## WHAT NEEDS TO BE DONE
Below are some records. Write out the lines from the one containing "Braziliaans Uraguyan Flag Heart T-shirt" to the last line, word for word, leaving out pictures.

(Scraped caption text data)
[Start of Attachment]
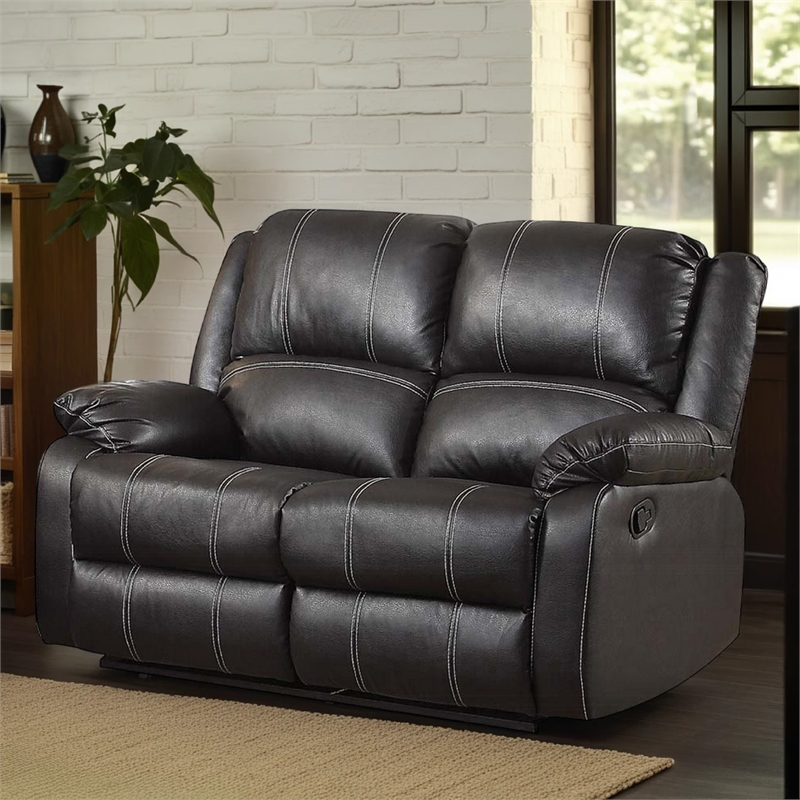 Zuru Motion Manual Recliner Loveseat- Pillow Top- Black Faux Leather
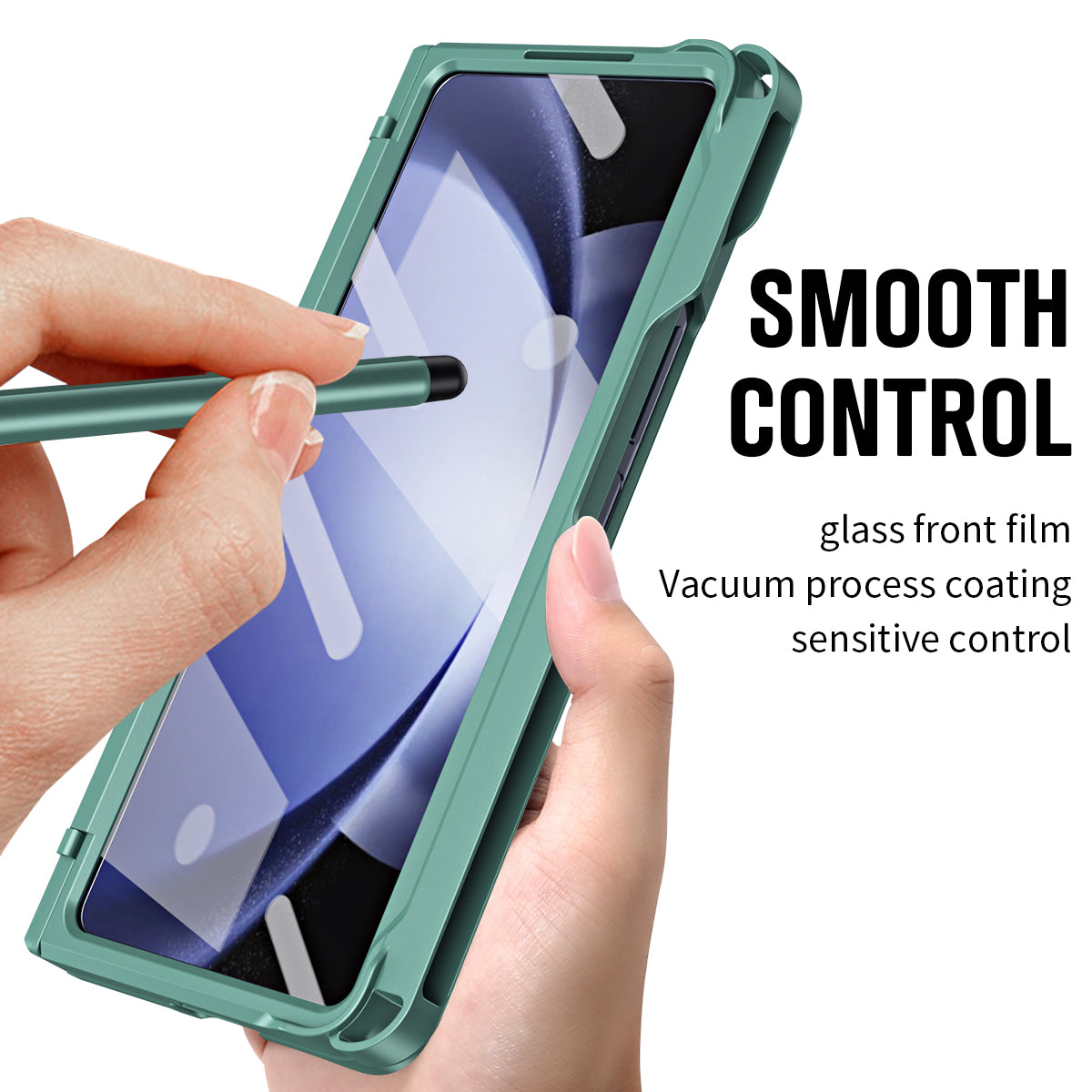 For Samsung Galaxy Z Fold6 5G Case Kickstand Hard PC Phone Cover with Stylus - Green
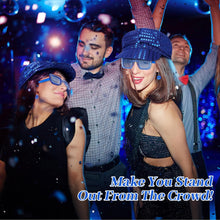 Dreamtop 3Pcs 70s Sequin Hat Abba Hat Abba accessories Women Disco Accessories with Sequins Hat Sunglasses Earrings Disco Costume Set for Women Theme Party Birthday Dance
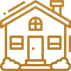 Gold outline icon of a house with a roof, windows, chimney, and porch steps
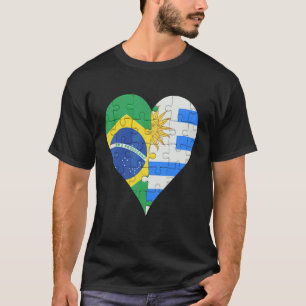 Braziliaans Uraguyan Flag Heart T-shirt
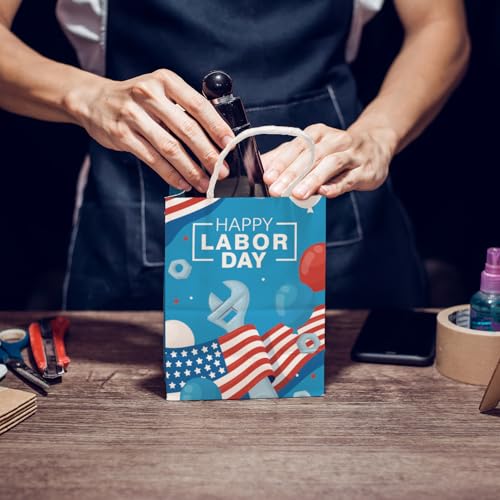 DoneJPee 16 Pcs Labor Day Gift Bags, American Patriotic Holiday Party Favor Treat Goodie Bags, Labor Day Party Decorations And Supplies for Staff Employee Colleagues - Image 5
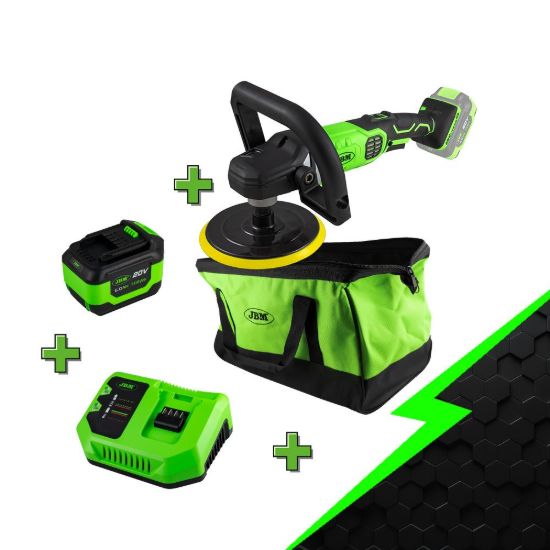 Imagem de PROMO ELÉCTRICA CON PULIDORA 60009 + BATERÍA 6.0AH + CARGADOR 20V + MOCHILA
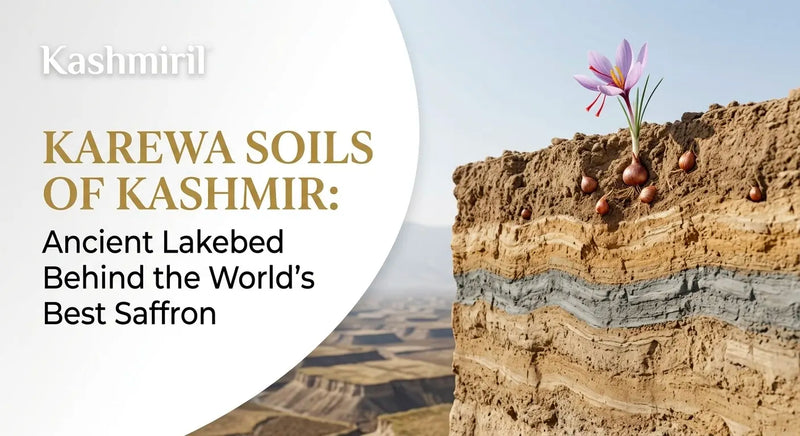 KAREWA SOILS OF KASHMIR: Ancient Lakebed Behind the World's Best Saffron. Layered soil cross-section showing a growing saffron flower.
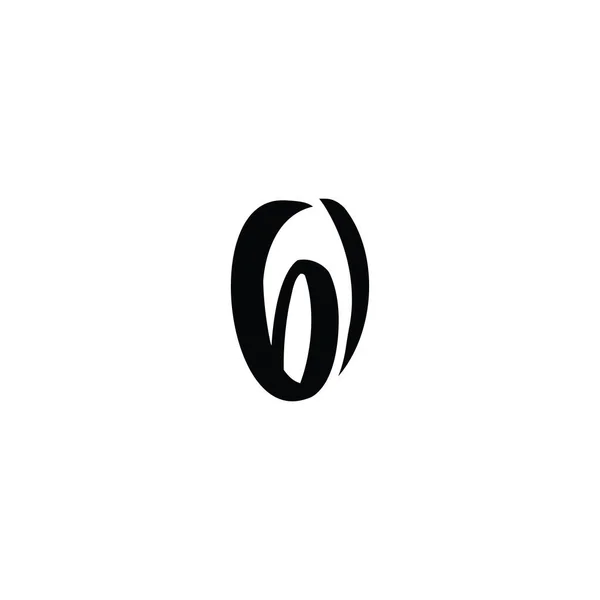 Lettre Initiale Abstraite Logo Couleur Noire Isolé Fond Blanc Appliqué — Image vectorielle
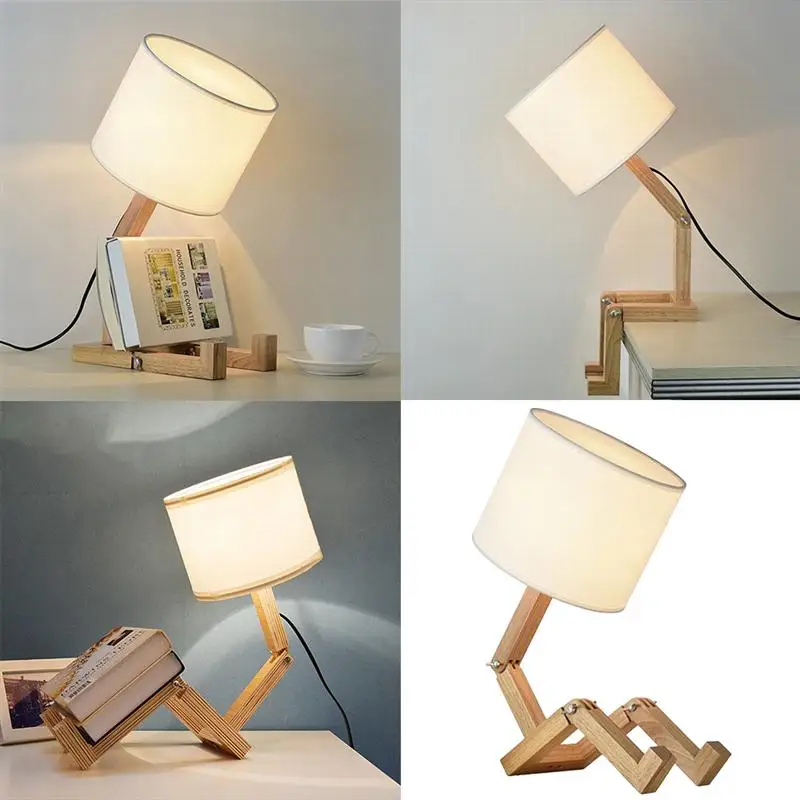  Новый гибкий деревянный держатель Элегантный регулируемый креативный планшет для чтения Ночная лампа с абажуром из ткани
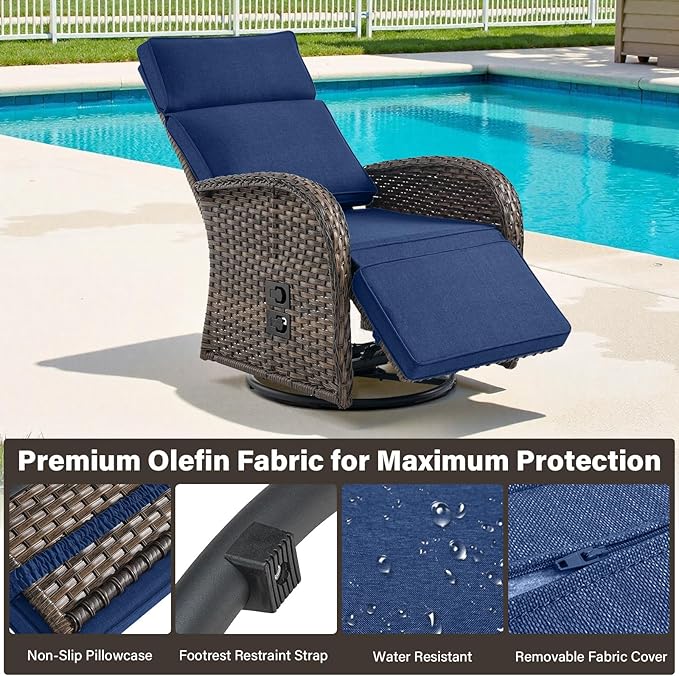 Belord Swivel Outdoor Recliner Chair Set of 2 - Image 8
[End of Attachment]
## RESULT FOR THIS EXERCISE
 Braziliaans Uraguyan Flag Heart T-shirt
 DoneJPee 16 Pcs Labor Day Gift Bags, American Patriotic Holiday Party Favor Treat Goodie Bags, Labor Day Party Decorations And Supplies for Staff Employee Colleagues - Image 5
 Imagem de PROMO ELÉCTRICA CON PULIDORA 60009 + BATERÍA 6.0AH + CARGADOR 20V + MOCHILA
 KAREWA SOILS OF KASHMIR: Ancient Lakebed Behind the World's Best Saffron. Layered soil cross-section showing a growing saffron flower.
 Lettre Initiale Abstraite Logo Couleur Noire Isolé Fond Blanc Appliqué — Image vectorielle
  Новый гибкий деревянный держатель Элегантный регулируемый креативный планшет для чтения Ночная лампа с абажуром из ткани
 Belord Swivel Outdoor Recliner Chair Set of 2 - Image 8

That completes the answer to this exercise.